TASK PROMPT: Print the listing in full, keeping every line exactly as it is.

** Opening RECORDS SUPPLIED block **

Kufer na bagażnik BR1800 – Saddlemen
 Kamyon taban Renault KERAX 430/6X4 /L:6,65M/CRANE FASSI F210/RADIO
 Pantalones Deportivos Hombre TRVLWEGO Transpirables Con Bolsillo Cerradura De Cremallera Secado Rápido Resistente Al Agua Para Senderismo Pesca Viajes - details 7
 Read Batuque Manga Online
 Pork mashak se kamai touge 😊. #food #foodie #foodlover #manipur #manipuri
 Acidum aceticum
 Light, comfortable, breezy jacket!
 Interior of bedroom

** Closing RECORDS SUPPLIED block **

PROBLEM SOLUTION:
Kufer na bagażnik BR1800 – Saddlemen
 Kamyon taban Renault KERAX 430/6X4 /L:6,65M/CRANE FASSI F210/RADIO
 Pantalones Deportivos Hombre TRVLWEGO Transpirables Con Bolsillo Cerradura De Cremallera Secado Rápido Resistente Al Agua Para Senderismo Pesca Viajes - details 7
 Read Batuque Manga Online
 Pork mashak se kamai touge 😊. #food #foodie #foodlover #manipur #manipuri
 Acidum aceticum
 Light, comfortable, breezy jacket!
 Interior of bedroom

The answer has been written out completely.